- Supreme Court of the United States

Argued November 12, 1974 Decided February 18, 1975
- Full case name: Train v. City of New York
- Citations: 420 U.S. 35 (more) 95 S. Ct. 839; 43 L. Ed. 2d 1; 1975 U.S. LEXIS 104

Case history
- Prior: City of New York v. Train, 494 F.2d 1033 (D.C. Cir. 1974); cert. granted, 416 U.S. 969 (1974).

Holding
- "The 1972 Amendments do not permit the Administrator to allot to the States under § 205(a) less than the entire amounts authorized to be appropriated by § 207. pp. 420 U. S. 42–49."

Court membership
- Chief Justice Warren E. Burger Associate Justices William O. Douglas · William J. Brennan Jr. Potter Stewart · Byron White Thurgood Marshall · Harry Blackmun Lewis F. Powell Jr. · William Rehnquist

Case opinions
- Majority: White, joined by Burger, Brennan, Stewart, Marshall, Blackmun, Powell, Rehnquist
- Concurrence: Douglas

Laws applied
- Federal Water Pollution Control Act Amendments of 1972 to the Clean Water Act, 86 Stat. 816, 33 U.S.C. § 1251 et seq. (1970 ed., Supp III) (1972 Act)

= Train v.
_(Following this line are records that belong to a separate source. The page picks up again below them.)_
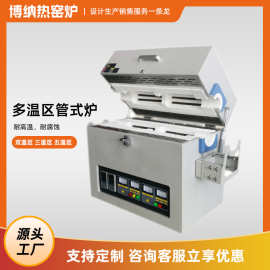 多温区管式炉三温区气氛保护高温管式烧结炉锂电材料倾斜回转管式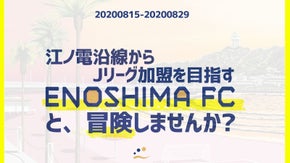 神奈川の江ノ電沿線からJリーグ参入を目指すサッカークラブ江の島FCを応援しよう！
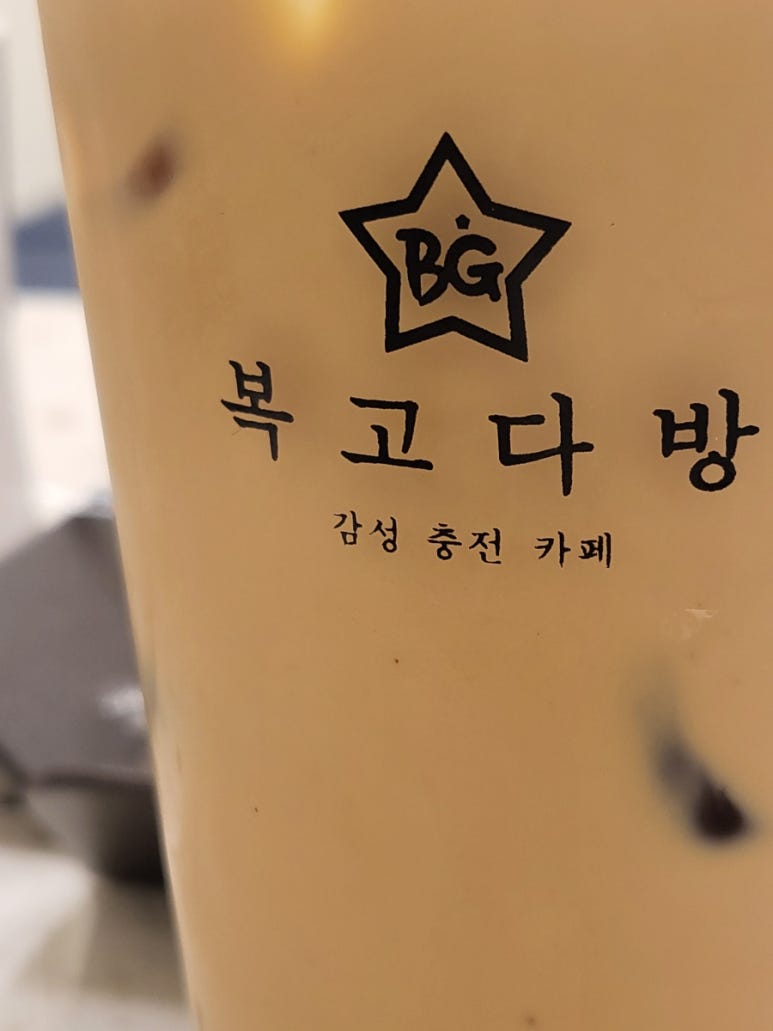 복고다방 처인구청점 이미지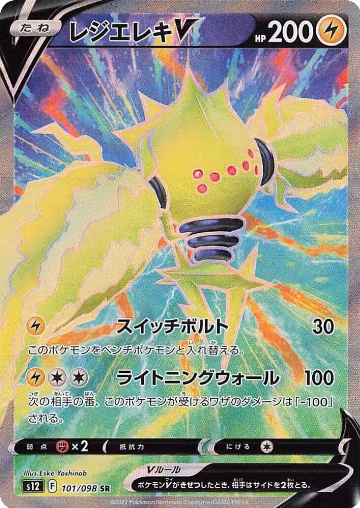 Regieleki V - 101/098 (101/098), Paradigm Trigger — Pokémon JP card price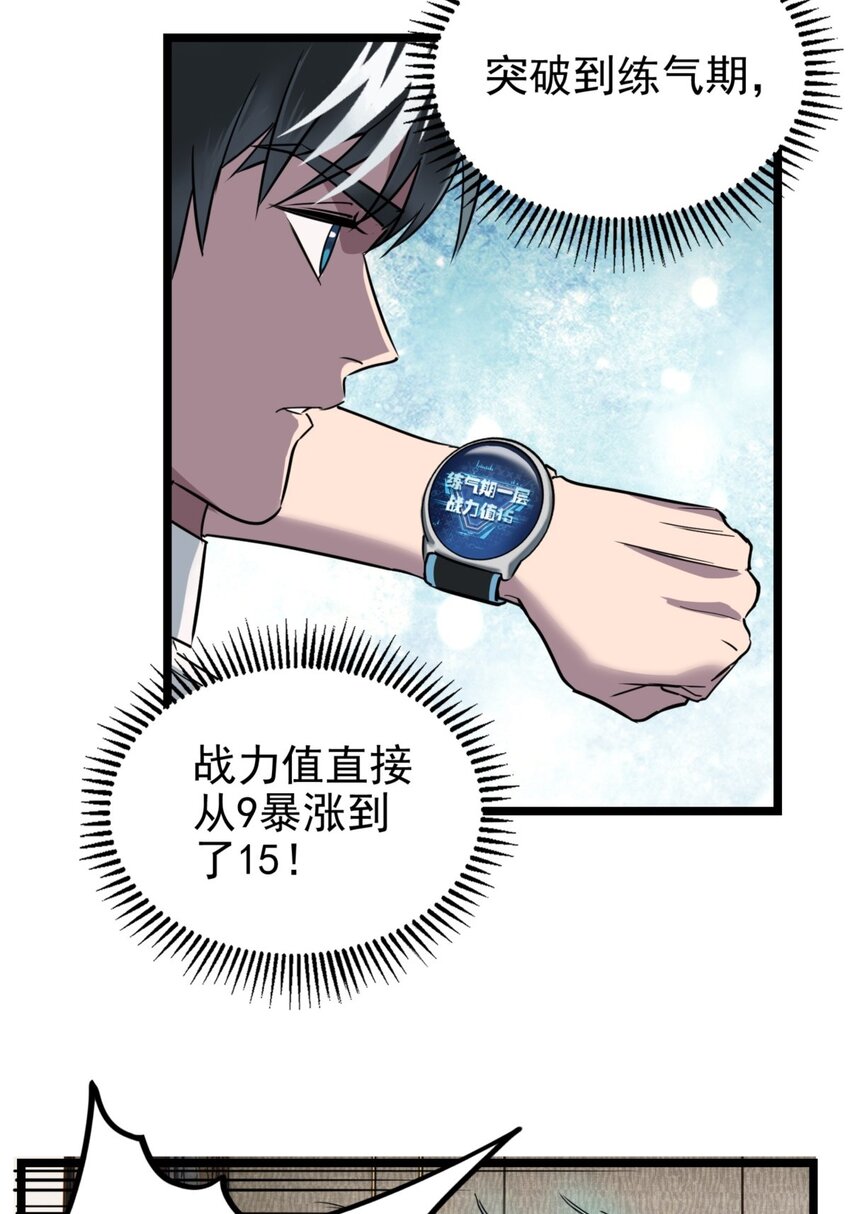 029 第二十九话 御剑飞行-第29话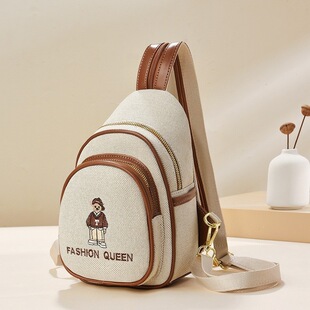 【世臣】卡通双肩包2025新款时尚休闲胸包女小熊刺绣单肩斜挎包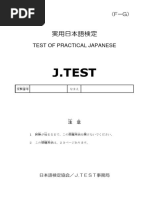 YUNOです 他の人は購入しないで下さい○┓ Mock Test 3 | PDF
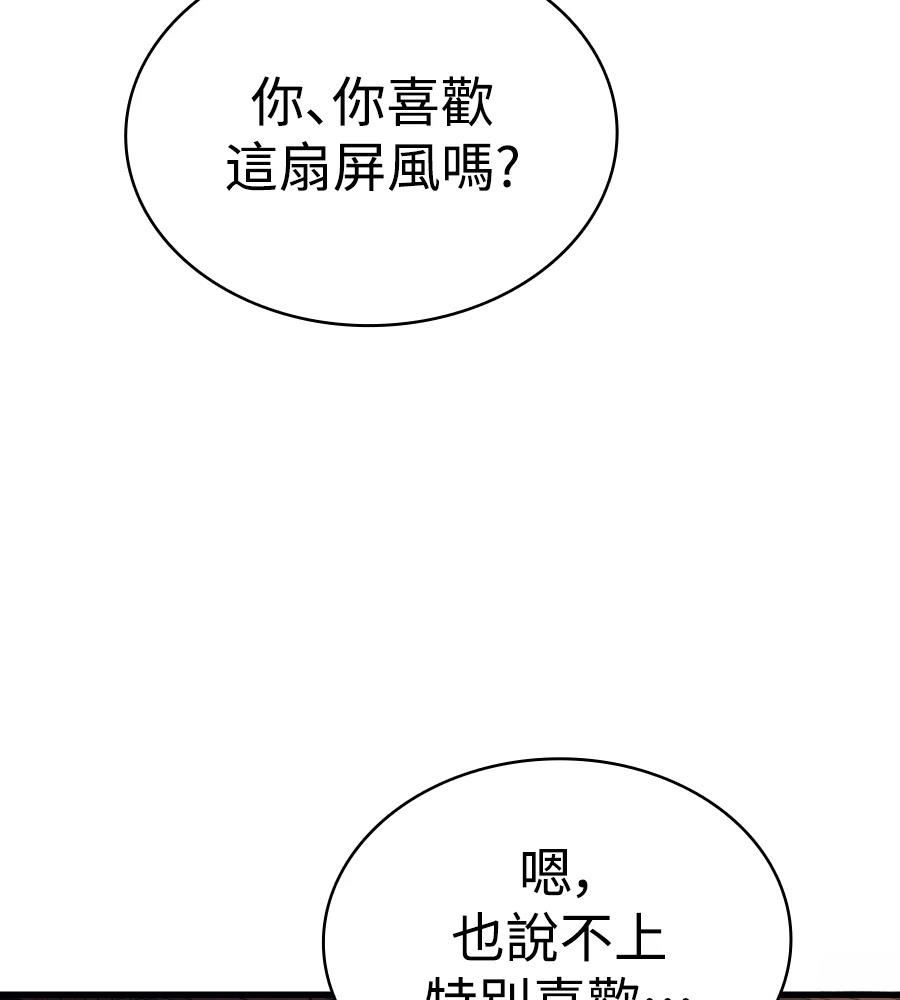 第16话46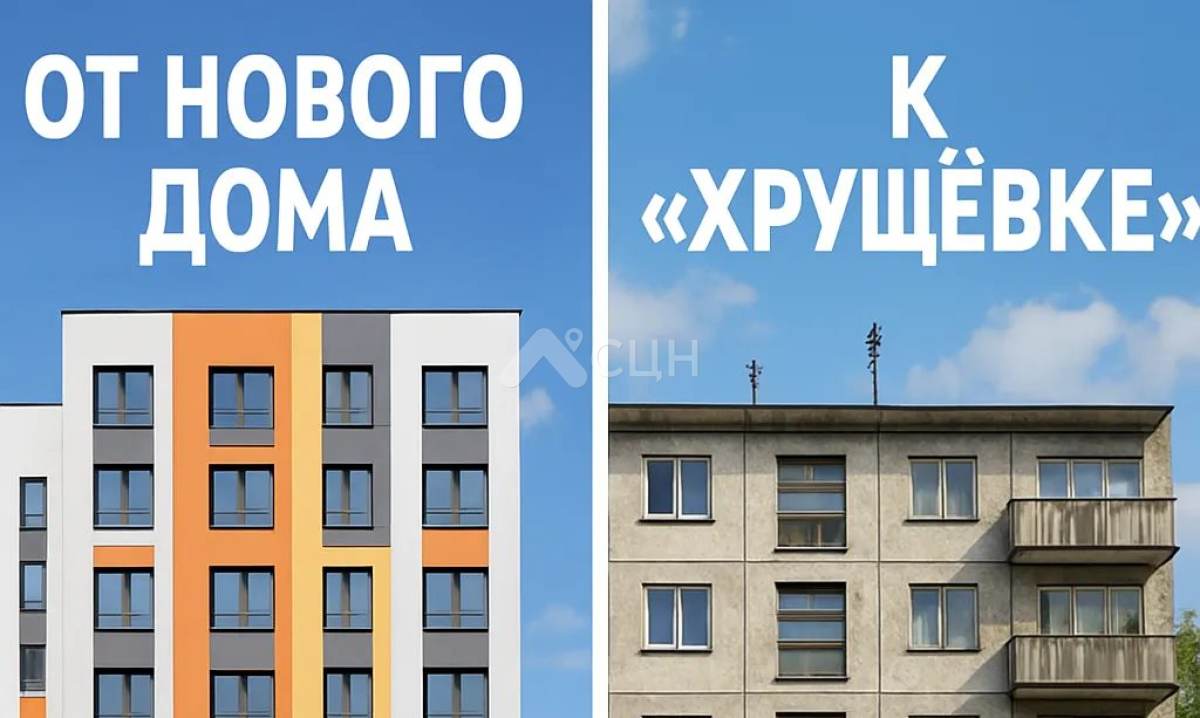 На фото сравнение квартир в новостройке и хрущёвке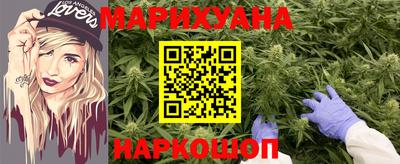 индика Среднеуральск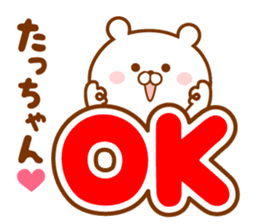 Send it to your loved Tatchan sticker #15822816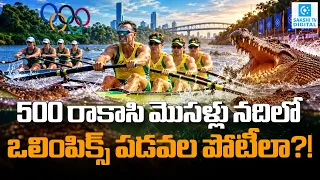 500 Crocodiles in Olympic Waters? Brisbane 2032 Rowing Venue Sparks Global Shock | Australia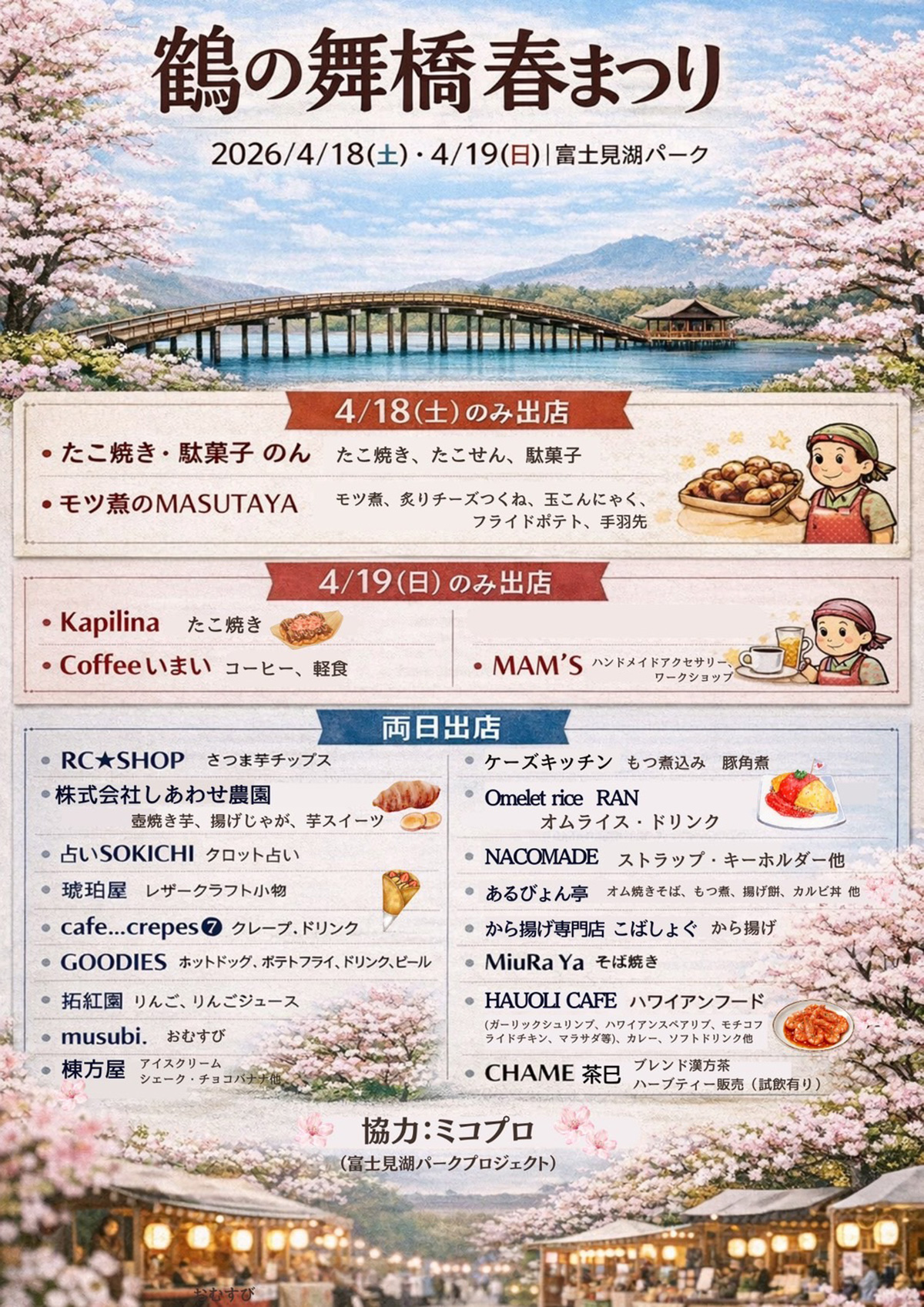 鶴の舞橋春まつり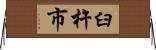 臼杵市 Horizontal Wall Scroll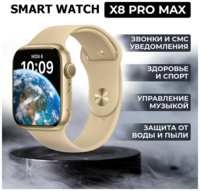 W & O Умные часы X8 Pro Max, с влагозащитой, дисплей 45mm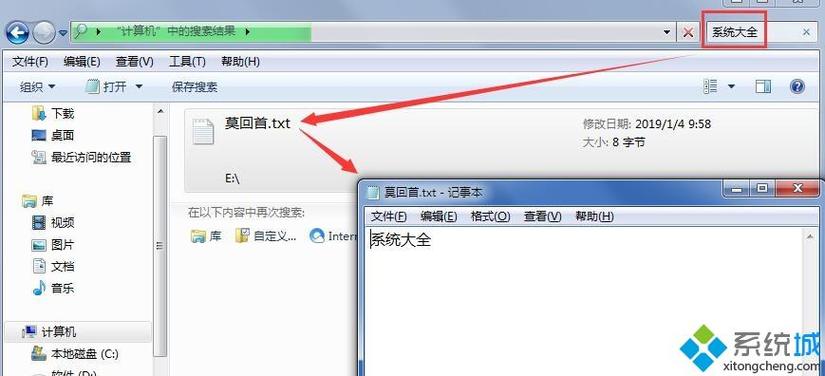 教你如何搜索电脑内各种文件的快捷方法？（win 7 如何搜索文件）-图3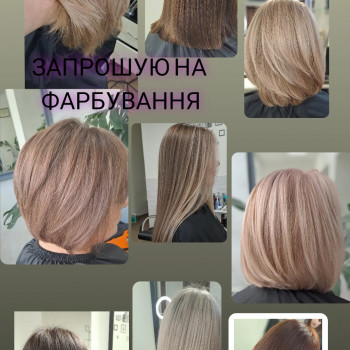 Оля Манзюк, Рівне Фото - 65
City of New York =

Train v. City of New York, 420 U.S. 35 (1975), was a statutory interpretation case in the Supreme Court of the United States. Although one commentator characterizes the case's implications as meaning "[t]he president cannot frustrate the will of Congress by killing a program through impoundment," the Court majority itself made no categorical constitutional pronouncement about impoundment power but focused on the statute's language and legislative history.

==Facts==
In this case, President Richard Nixon was of the view that the administration was not obligated to disburse all funds allocated by Congress to states seeking federal monetary assistance under the Federal Water Pollution Control Act Amendments of 1972 (popularly known as the Clean Water Act) and ordered the impoundment of substantial amounts of environmental protection funds for a program. He had vetoed the program, but Congress had overridden the veto. Russell E. Train, the administrator of the EPA at the time, complied with the President's order to impound funds. Several prospective recipients of the funds (which were intended to subsidize construction of municipal sewers and water treatment works), including the city of New York and several other municipalities, promptly sued, seeking judgment that the administrator was obligated to disburse full amounts authorized and an order directing him to make those allotments.

==Decision==

In interpreting the statute and its key terms "sums" (not all sums) and "not to exceed," the Court declined to interpret the statute as a congressional grant of discretion to the President to order the withholding of substantial amounts (impoundment of appropriated funds) of environmental protection funds for a program in these circumstances. The Court's review of the statute's legislative history revealed no intention to grant impoundment authority.

==Impact==

The case arose from facts which pre-date the Congressional Budget and Impoundment Control Act of 1974, though the case was argued after the passing of the 1974 Act. The case showed that the presidential power of impoundment, even without the 1974 Act, was limited by a fair reading of the words Congress chose in its appropriation act. The President is required to carry out the full objectives or scope of programs for which budget authority is provided by the United States Congress. In this case, the President could not order the impoundment of substantial amounts of environmental protection funds for a program he had unsuccessfully vetoed. This finding closed a potential loophole in the Act.